Required action:
Starting at the line that contains "So we have this." and stopping at the line that contains "Presentations, garden tours.", transcribe every line of the material below exactly; pictures stay out.

Exercise input:
------------------------------------------------------------------------
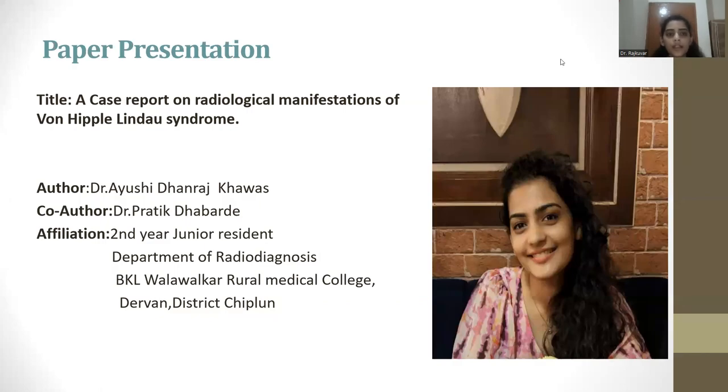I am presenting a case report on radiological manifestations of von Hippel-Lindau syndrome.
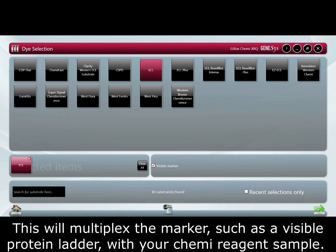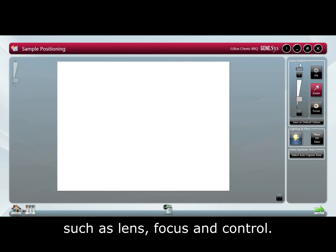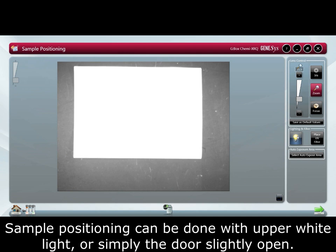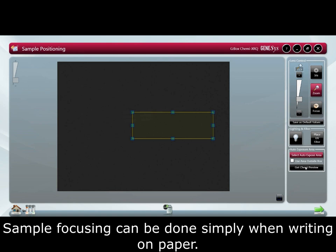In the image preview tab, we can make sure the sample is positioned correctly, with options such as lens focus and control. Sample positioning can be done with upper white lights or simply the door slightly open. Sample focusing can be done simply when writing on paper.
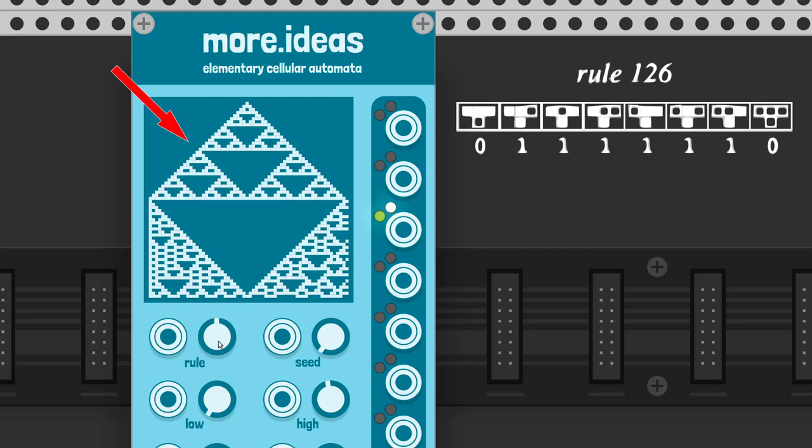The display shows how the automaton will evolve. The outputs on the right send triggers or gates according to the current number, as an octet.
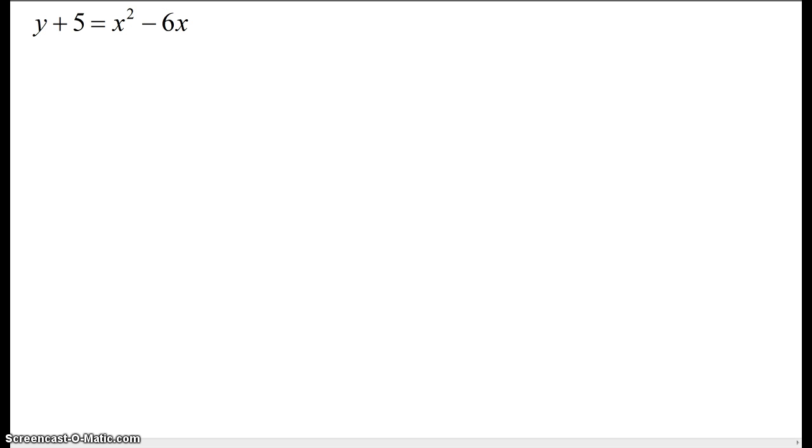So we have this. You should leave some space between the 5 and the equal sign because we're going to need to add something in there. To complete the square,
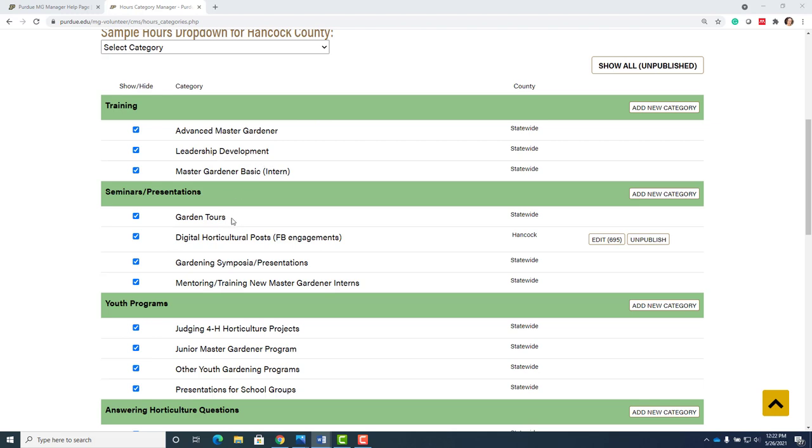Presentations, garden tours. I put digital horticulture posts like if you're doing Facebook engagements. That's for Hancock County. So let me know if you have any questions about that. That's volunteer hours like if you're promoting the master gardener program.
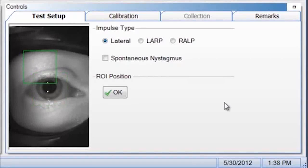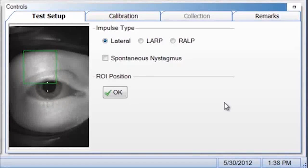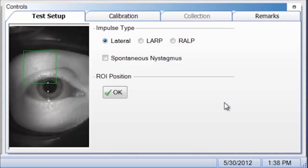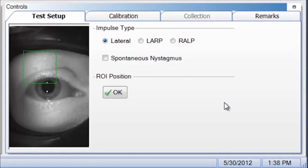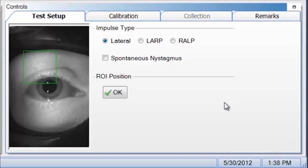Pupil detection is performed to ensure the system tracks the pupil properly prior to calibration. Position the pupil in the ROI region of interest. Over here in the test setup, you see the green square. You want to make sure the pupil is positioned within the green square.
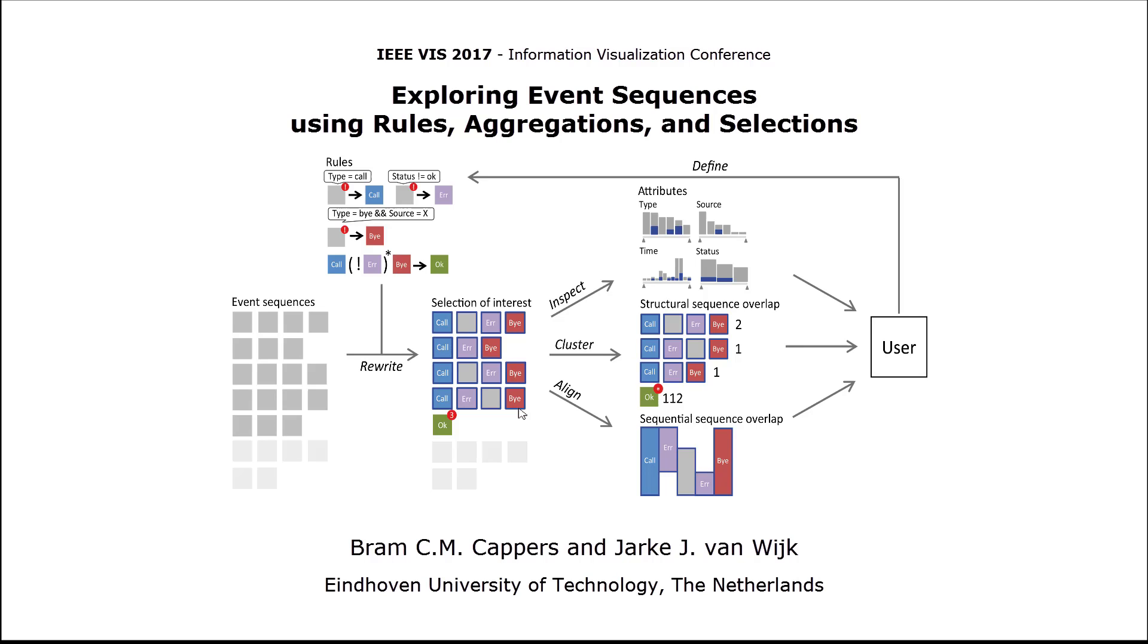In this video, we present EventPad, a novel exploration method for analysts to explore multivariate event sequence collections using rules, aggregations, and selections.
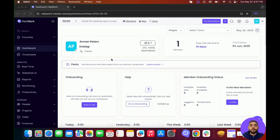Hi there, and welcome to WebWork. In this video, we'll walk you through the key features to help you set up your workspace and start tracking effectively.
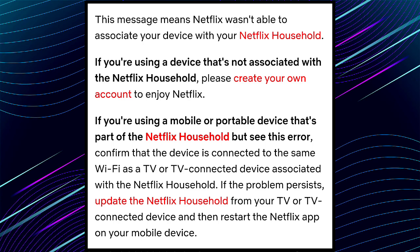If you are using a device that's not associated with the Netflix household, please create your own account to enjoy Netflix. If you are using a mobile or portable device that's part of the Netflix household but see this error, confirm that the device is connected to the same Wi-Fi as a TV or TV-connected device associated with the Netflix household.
------------------------------------------------------------------------
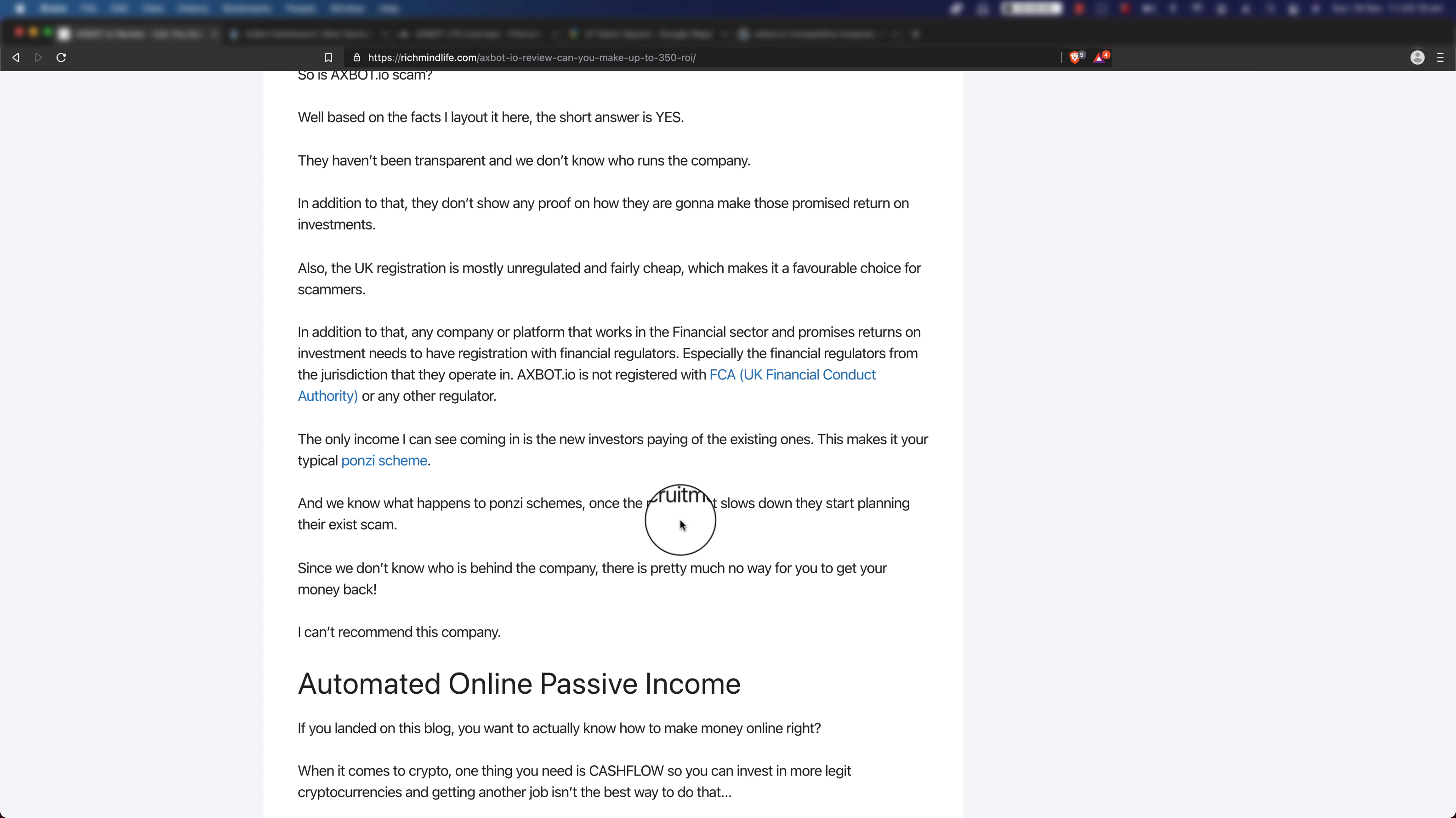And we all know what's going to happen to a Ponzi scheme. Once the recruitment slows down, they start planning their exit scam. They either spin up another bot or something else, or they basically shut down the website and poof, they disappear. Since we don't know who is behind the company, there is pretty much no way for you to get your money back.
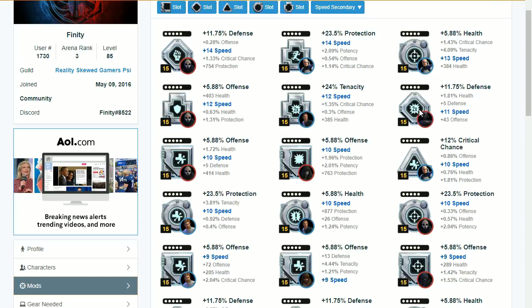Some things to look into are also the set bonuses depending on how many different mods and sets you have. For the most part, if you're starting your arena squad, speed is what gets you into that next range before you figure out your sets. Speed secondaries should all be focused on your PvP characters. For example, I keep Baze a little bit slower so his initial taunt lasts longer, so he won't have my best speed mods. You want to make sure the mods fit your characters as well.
------------------------------------------------------------------------
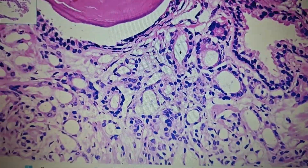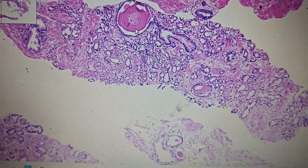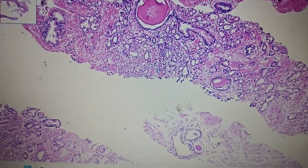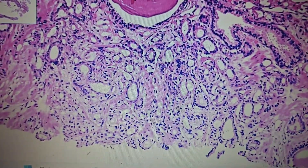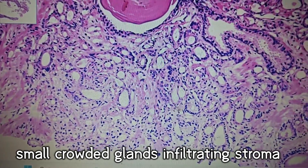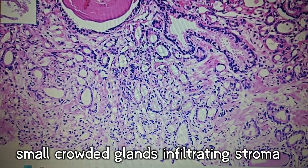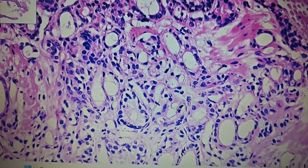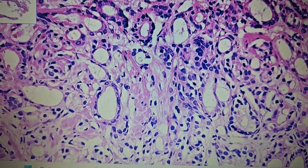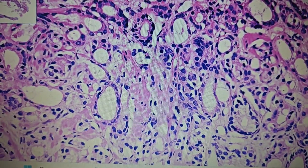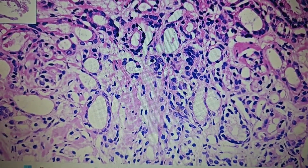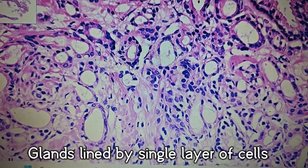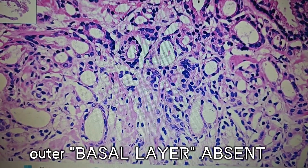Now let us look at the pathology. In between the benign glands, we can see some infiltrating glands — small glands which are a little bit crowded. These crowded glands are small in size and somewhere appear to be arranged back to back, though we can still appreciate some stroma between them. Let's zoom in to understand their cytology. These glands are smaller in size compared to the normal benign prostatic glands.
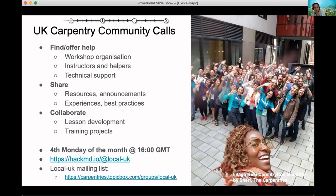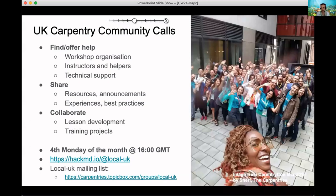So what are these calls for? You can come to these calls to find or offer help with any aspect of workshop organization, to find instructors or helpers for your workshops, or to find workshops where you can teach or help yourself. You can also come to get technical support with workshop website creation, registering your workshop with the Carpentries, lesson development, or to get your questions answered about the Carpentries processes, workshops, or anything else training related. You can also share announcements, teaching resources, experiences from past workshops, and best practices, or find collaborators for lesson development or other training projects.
------------------------------------------------------------------------
Completed task:
So we have this. You should leave some space between the 5 and the equal sign because we're going to need to add something in there. To complete the square,
Presentations, garden tours. I put digital horticulture posts like if you're doing Facebook engagements. That's for Hancock County. So let me know if you have any questions about that. That's volunteer hours like if you're promoting the master gardener program.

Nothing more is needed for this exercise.